● Data extract:
○ ○ ○

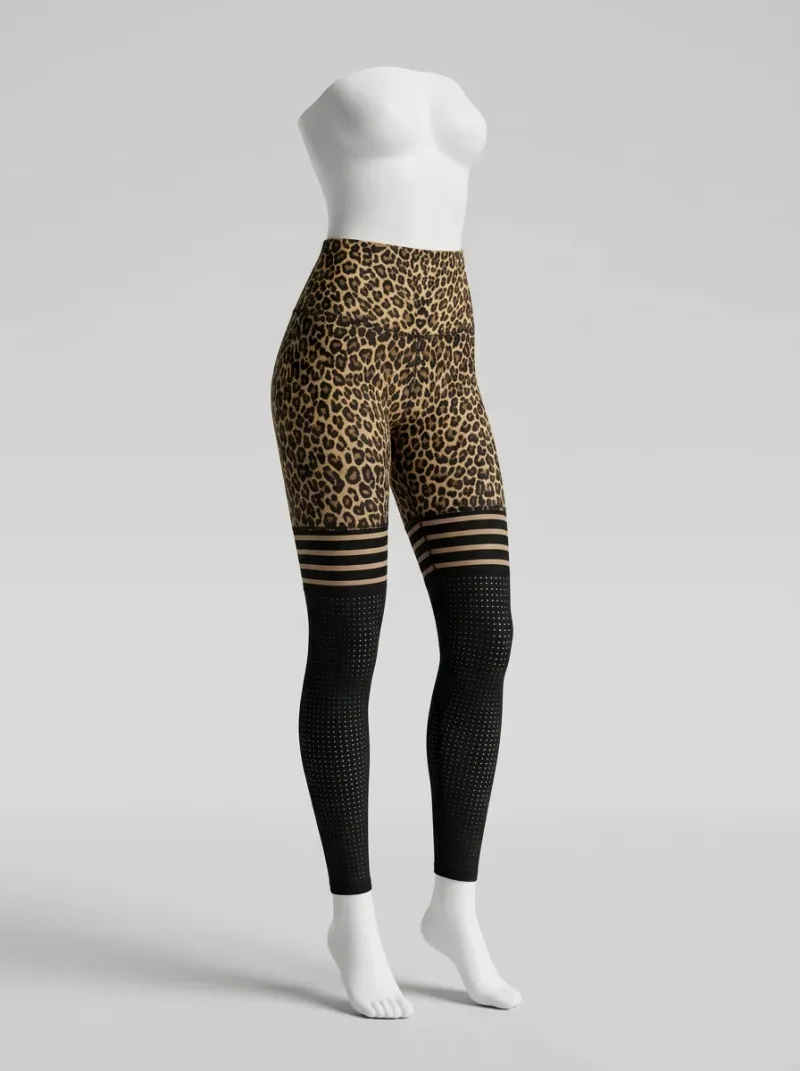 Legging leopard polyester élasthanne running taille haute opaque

○ ○ ○

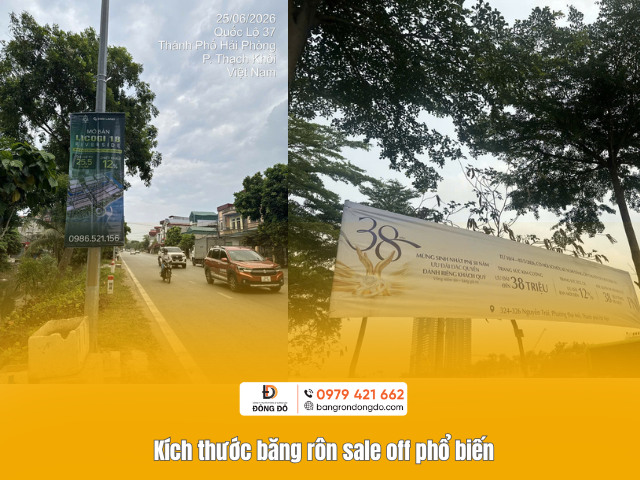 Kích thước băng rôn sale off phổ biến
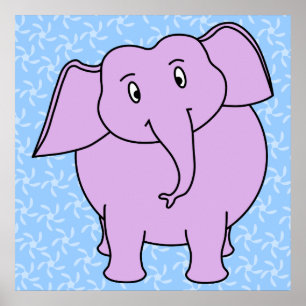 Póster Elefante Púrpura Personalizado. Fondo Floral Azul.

○ ○ ○

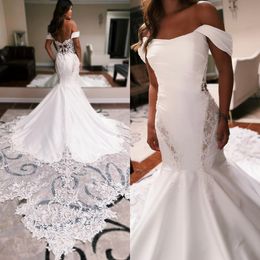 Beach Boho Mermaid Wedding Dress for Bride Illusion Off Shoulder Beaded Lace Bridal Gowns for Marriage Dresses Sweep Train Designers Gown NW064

○ ○ ○

Copy out the listing above from the line containing "Kích thước băng rôn sale off phổ biến" to the line containing "Póster Elefante Púrpura", both included, exactly as written and minus the images.

● Response to this task:
 Kích thước băng rôn sale off phổ biến
 Póster Elefante Púrpura Personalizado. Fondo Floral Azul.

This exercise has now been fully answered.